Neurotrophins and Neuropathic Pain: Role in Pathobiology

Abstract

Neurotrophins (NTs) belong to a family of trophic factors that regulate the survival, growth and programmed cell death of neurons. In mammals, there are four structurally and functionally related NT proteins, viz. nerve growth factor (NGF), brain-derived neurotrophic factor (BDNF), neurotrophin 3 and neurotrophin 4. Most research on NTs to date has focussed on the effects of NGF and BDNF signalling via their respective cognate high affinity neurotrophic tyrosine kinase viz TrkA and TrkB receptors. Apart from the key physiologic roles of NGF and BDNF in peripheral and central nervous system function, NGF and BDNF signalling via TrkA and TrkB receptors respectively have been implicated in mechanisms underpinning neuropathic pain. Additionally, NGF and BDNF signalling via the low-affinity pan neurotrophin receptor at 75 kDa (p75NTR) may also contribute to the pathobiology of neuropathic pain. In this review, we critically assess the role of neurotrophins signalling via their cognate high affinity receptors as well as the low affinity p75NTR in the pathophysiology of peripheral neuropathic and central neuropathic pain. We also identify knowledge gaps to guide future research aimed at generating novel insight on how to optimally modulate NT signalling for discovery of novel therapeutics to improve neuropathic pain relief.

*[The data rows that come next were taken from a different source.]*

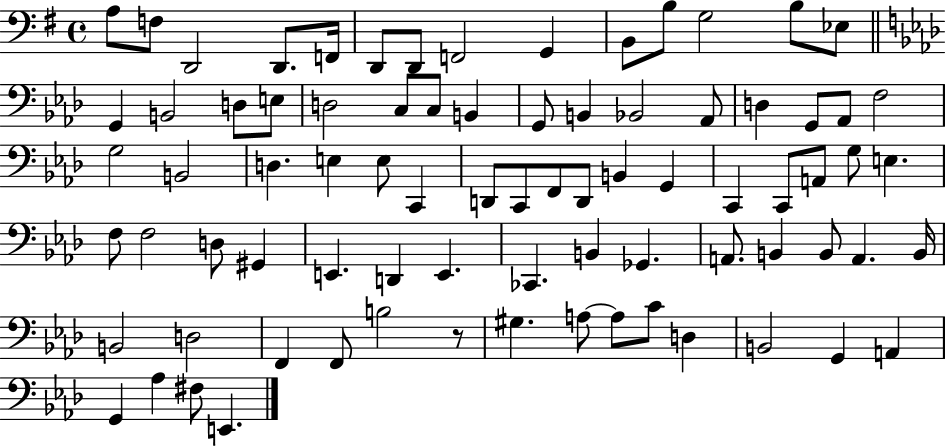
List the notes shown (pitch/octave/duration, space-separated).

A3/e F3/e D2/h D2/e. F2/s D2/e D2/e F2/h G2/q B2/e B3/e G3/h B3/e Eb3/e G2/q B2/h D3/e E3/e D3/h C3/e C3/e B2/q G2/e B2/q Bb2/h Ab2/e D3/q G2/e Ab2/e F3/h G3/h B2/h D3/q. E3/q E3/e C2/q D2/e C2/e F2/e D2/e B2/q G2/q C2/q C2/e A2/e G3/e E3/q. F3/e F3/h D3/e G#2/q E2/q. D2/q E2/q. CES2/q. B2/q Gb2/q. A2/e. B2/q B2/e A2/q. B2/s B2/h D3/h F2/q F2/e B3/h R/e G#3/q. A3/e A3/e C4/e D3/q B2/h G2/q A2/q G2/q Ab3/q F#3/e E2/q.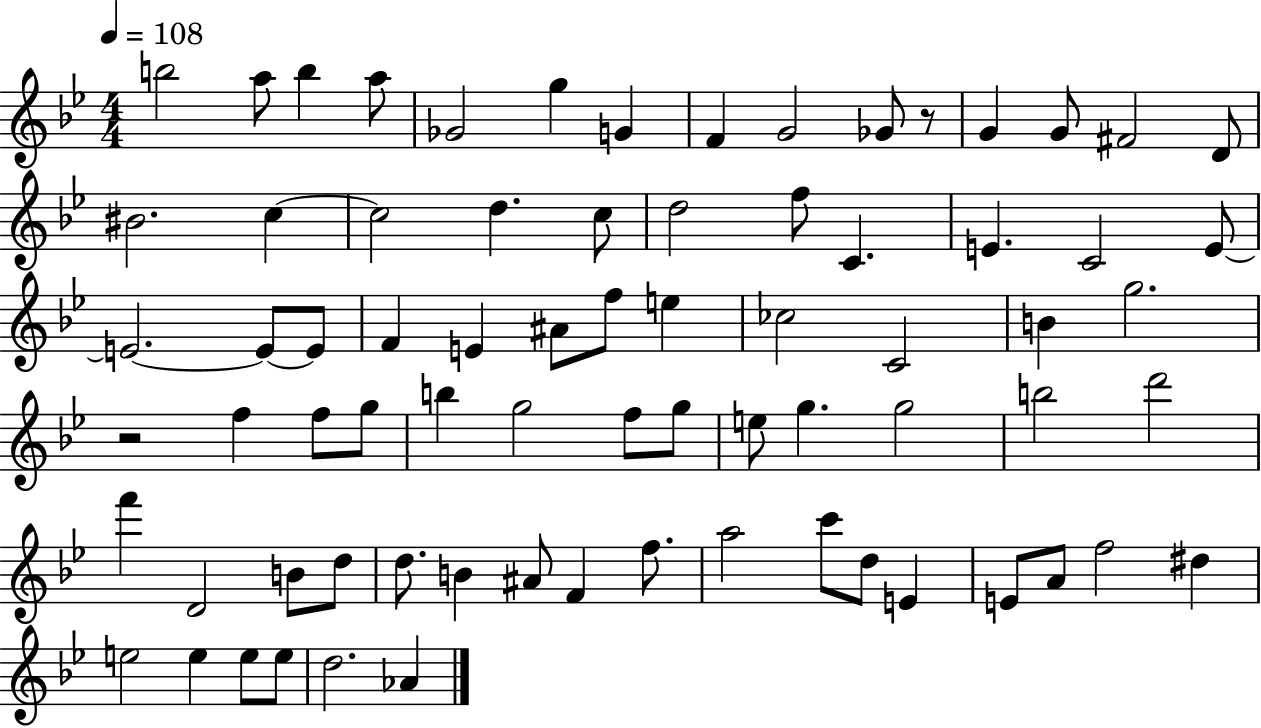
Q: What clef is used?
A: treble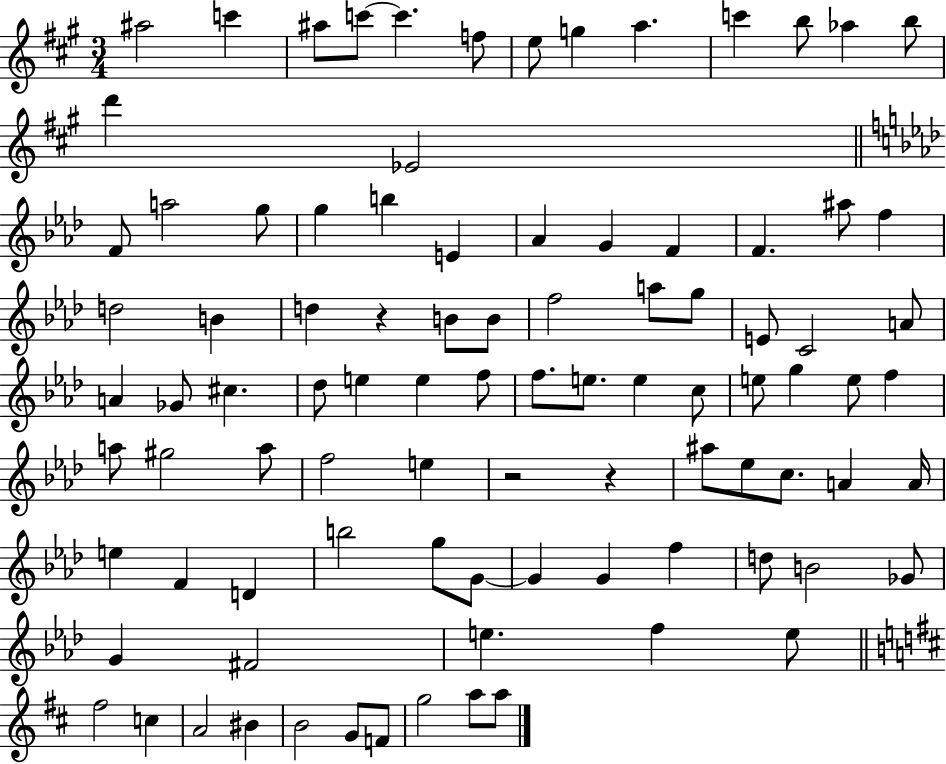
{
  \clef treble
  \numericTimeSignature
  \time 3/4
  \key a \major
  ais''2 c'''4 | ais''8 c'''8~~ c'''4. f''8 | e''8 g''4 a''4. | c'''4 b''8 aes''4 b''8 | \break d'''4 ees'2 | \bar "||" \break \key aes \major f'8 a''2 g''8 | g''4 b''4 e'4 | aes'4 g'4 f'4 | f'4. ais''8 f''4 | \break d''2 b'4 | d''4 r4 b'8 b'8 | f''2 a''8 g''8 | e'8 c'2 a'8 | \break a'4 ges'8 cis''4. | des''8 e''4 e''4 f''8 | f''8. e''8. e''4 c''8 | e''8 g''4 e''8 f''4 | \break a''8 gis''2 a''8 | f''2 e''4 | r2 r4 | ais''8 ees''8 c''8. a'4 a'16 | \break e''4 f'4 d'4 | b''2 g''8 g'8~~ | g'4 g'4 f''4 | d''8 b'2 ges'8 | \break g'4 fis'2 | e''4. f''4 e''8 | \bar "||" \break \key b \minor fis''2 c''4 | a'2 bis'4 | b'2 g'8 f'8 | g''2 a''8 a''8 | \break \bar "|."
}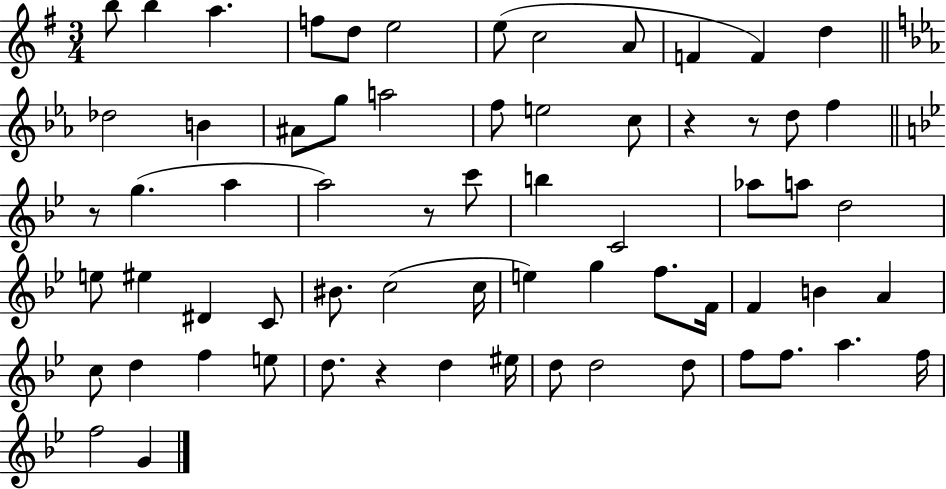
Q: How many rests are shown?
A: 5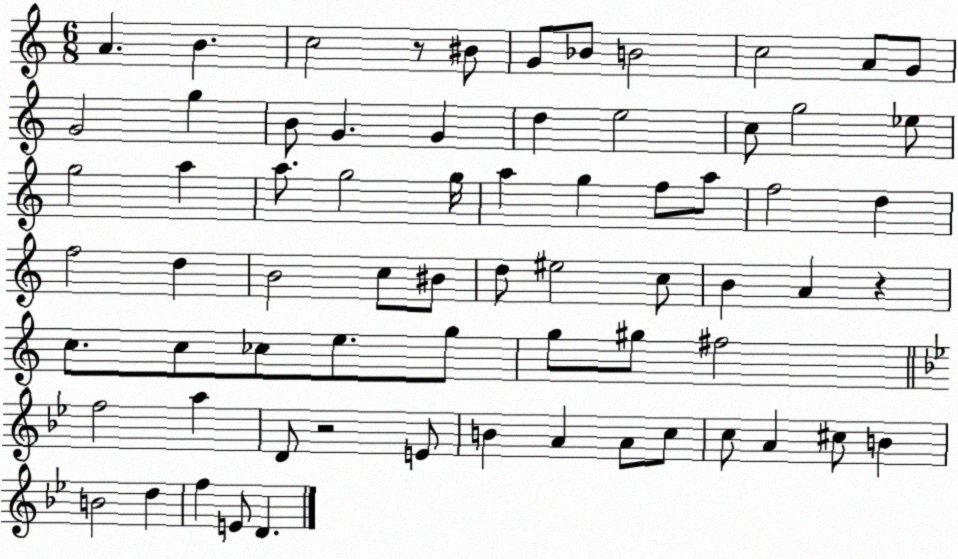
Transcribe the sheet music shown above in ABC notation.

X:1
T:Untitled
M:6/8
L:1/4
K:C
A B c2 z/2 ^B/2 G/2 _B/2 B2 c2 A/2 G/2 G2 g B/2 G G d e2 c/2 g2 _e/2 g2 a a/2 g2 g/4 a g f/2 a/2 f2 d f2 d B2 c/2 ^B/2 d/2 ^e2 c/2 B A z c/2 c/2 _c/2 e/2 g/2 g/2 ^g/2 ^f2 f2 a D/2 z2 E/2 B A A/2 c/2 c/2 A ^c/2 B B2 d f E/2 D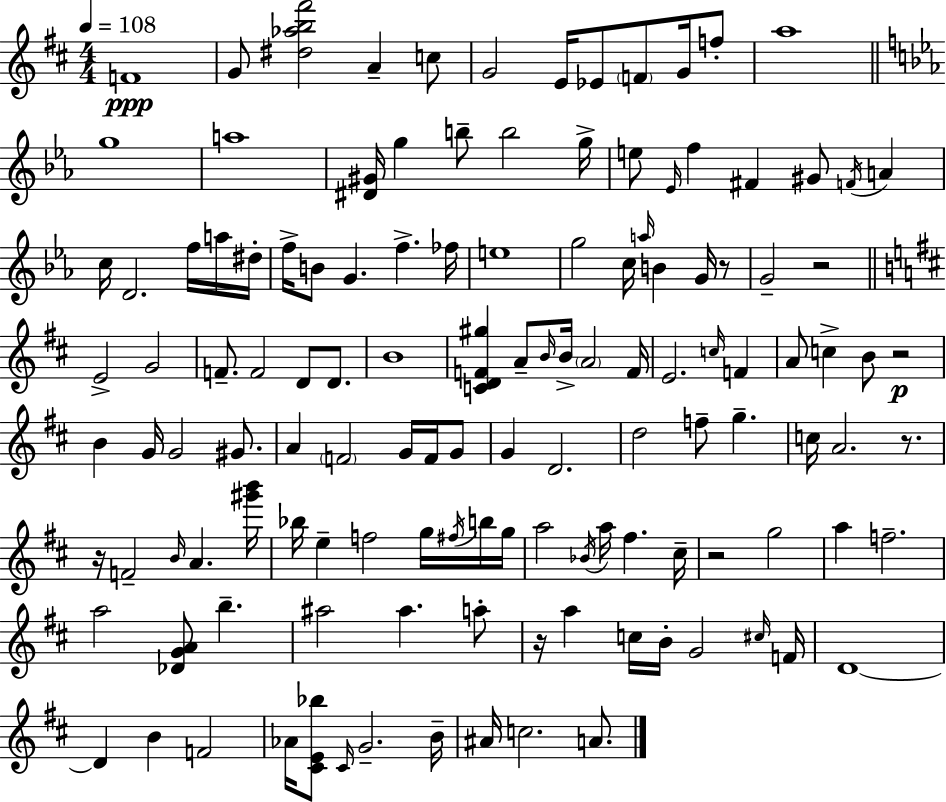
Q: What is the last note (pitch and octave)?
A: A4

Keywords: BDNF; NGF; NT-3; NT-4; allodynia; central sensitisation; neuropathic pain; neurotrophic tyrosine kinase (Trk) receptor; neurotrophins; p75NTR.

Figure 1

Proteolytic cleavage of pro-neurotrophins to mature neurotrophins. Neurotrophins (NTs) are synthesised as glycosylated precursors of ~32 kDa, called pro-neurotrophins, pro-NTs. These precursor molecules are cleaved intracellularly by furin or proconvertase, and extracellularly by the action of plasmin to generate mature NTs. Plasmin is a serine protease enzyme that is formed from plasminogen by several enzymes including tissue plasminogen activator (tPA) and urokinase. Intact pro-NTs may also be released extracellularly and evoke direct biological activities that in general oppose that of the mature NT counterpart although there are exceptions. For example, pro-NTs may induce apoptosis whereas mature NTs are mainly associated with neuronal survival. However, both pro- and mature-NTs appear to mediate central sensitisation and neuropathic pain.

Figure 2

Downstream signalling of neurotrophins and their receptors. Akt, Akt kinase; Ca+2, calcium ions; CGRP, calcitonin gene related peptide; DAG, diacylglycerol; DRG, dorsal root ganglia; ERK, extracellular-signal-regulated kinase; GABA, γ-Aminobutyric acid; IP3, inositol tris-phosphate; KCC2, potassium chloride cotransporter 2; MAPK, mitogen-activated protein kinases; MEK, mitogen-activated protein kinase/ERK kinase; Nav, sodium-ion voltage-gated channel; NMDA, N-methyl-d-aspartate; NT, neurotrophin; p75NTR, pan neurotrophin receptor at 75kDa; PI3K, phosphatidylinositol 3-kinase; PLC-γ1, phospholipase C-gamma-1; Ras, small GTP-binding protein; Sub-P, substance-P; Trk, tyrosine kinase receptor; TRPV1, transient receptor potential cation channel subfamily V member 1.